SpaceX must publicly file its S-1 between May 15 and May 22 to preserve a June 8 marketing window, per the April 1 confidential filing's 30-day countdown. [1] The targeted raise is roughly $75 billion at a $1.75 trillion to $2 trillion valuation — three times the size of the largest U.S. IPO on record. The vehicle now contains xAI, which Musk testified in the Oakland trial last week was absorbed into SpaceX in February. [2]
Reuters reviewed excerpts of the filing this weekend showing a dual-class share structure: Class A carrying one vote, Class B carrying ten. The company is also telling prospective investors its board will not need to maintain a majority of independent directors. [3] The architecture would make Musk effectively impossible to remove without his own consent.

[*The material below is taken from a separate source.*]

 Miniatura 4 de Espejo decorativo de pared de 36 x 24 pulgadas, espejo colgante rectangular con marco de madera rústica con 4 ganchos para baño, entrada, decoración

The economic question the prospectus has to answer is the related-party question. Tesla's amended 10-K disclosed $573 million of 2025 revenue from Musk-controlled entities — $430 million xAI, $143 million SpaceX. The xAI piece is now consolidated into the issuer. The SpaceX piece is now an internal flow inside that issuer's perimeter. [4] How the prospectus reclassifies the Tesla-SpaceX line — at-arm's-length sales to a customer or related-party revenue inside an integrated empire — will set the GAAP segmentation analysts use to price the rest.
Polymarket pricing on the public-filing window has converged on the May 22 deadline. The CNBC base case for the listing date itself is June 25, with a $97 billion target raise floor. [5] The Cerebras roadshow opening Monday is the comparable book the SpaceX bankers are watching for the buy-side's tolerance of AI-adjacent multiples at scale.